Update: see previous post – October 6, 2011 Toronto Towing is Down, Grinding Gridlock is Up
A big increase in tow truck rates has been put off until at least next spring after a city council committee decided it wants a wide-ranging study of the issue.
City staff propose that accident tows be increased to $229 plus $107 if winching is required, for a total of $336. The current charge is either $166 from roadways or $188 from highways.
The insurance industry doesn’t recommend bringing in a special charge for winching, because it could end up on the bill whether that service was required or not.
“We noticed a change in the City of Mississauga once they allowed this approximately a year ago in that almost every bill that was submitted to us had a winching charge on it,” said Mark Lockwood of RBC General Insurance.
“Simply put, most customers don’t really know what that would even be,” Lockwood said.

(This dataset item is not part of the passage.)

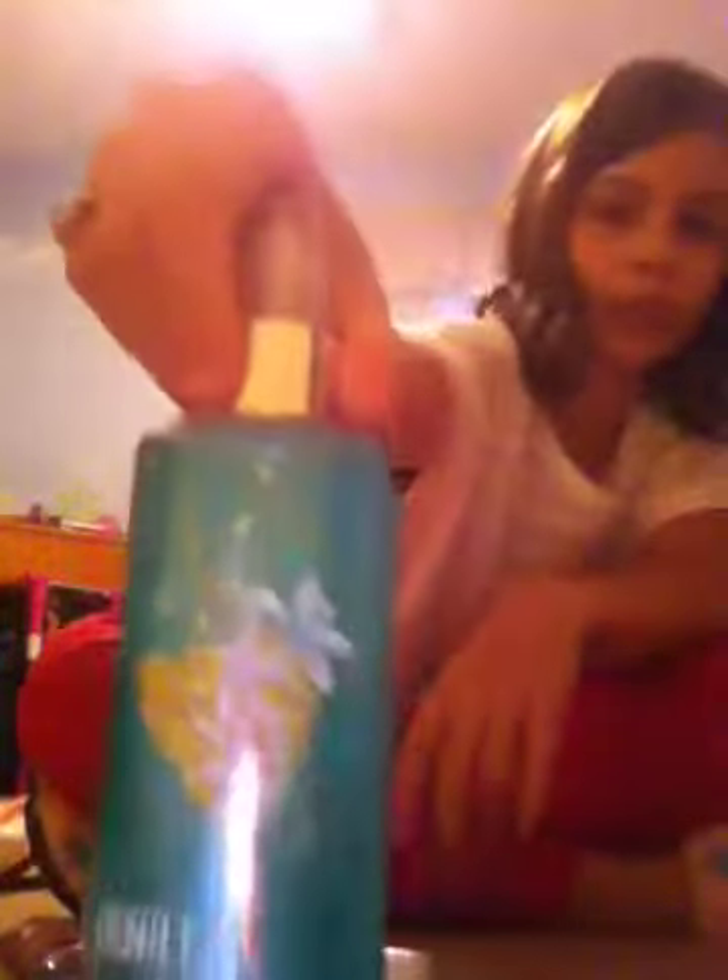And now my perfumes. I have Carried Away, Secret Wonderland, and Vanilla Teeny to match the lotion.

Council’s licensing and standards committee postponed any increase until after the city has consulted with affected parties, including tow truck operators, insurers, police and other jurisdictions. A report is due next March 29.
The committee was disappointed to learn that any vehicle lacking licence plates can’t legally be towed. The members want to hear from police on what can be done to tow unplated vehicles parked illegally on city streets.
Committee members said they have heard examples of towing bills in the hundreds of dollars after a damaged car has been towed to one of three collision reporting centres and then to a body shop.
Lockwood said the ultimate tab may include a tow-out fee, dolly fee, wait-time fee, mileage fee and administration fee. He said he’s seen bills ranging from $600 to $800 “depending how good the people are at writing fiction.”
People are already stressed-out having to call for a tow and shouldn’t have to be concerned about exorbitant fees, said Councillor Glenn De Baeremaeker, a committee member. “I think most of us have had experiences with tow trucks. The last thing we want to have to worry about is the guy in the truck ripping me off, is he giving me the right rate?”
People may think it’s not a problem because the insurance company pays, but the high costs are passed directly to the customers, Lockwood said.
“It is a direct flow-through cost. There’s no question if a client is charged $1,000, then that cost is sent on to the consumer. If a client is charged $200 for an accident tow, then of course that’s the charge that’s going to be passed on.”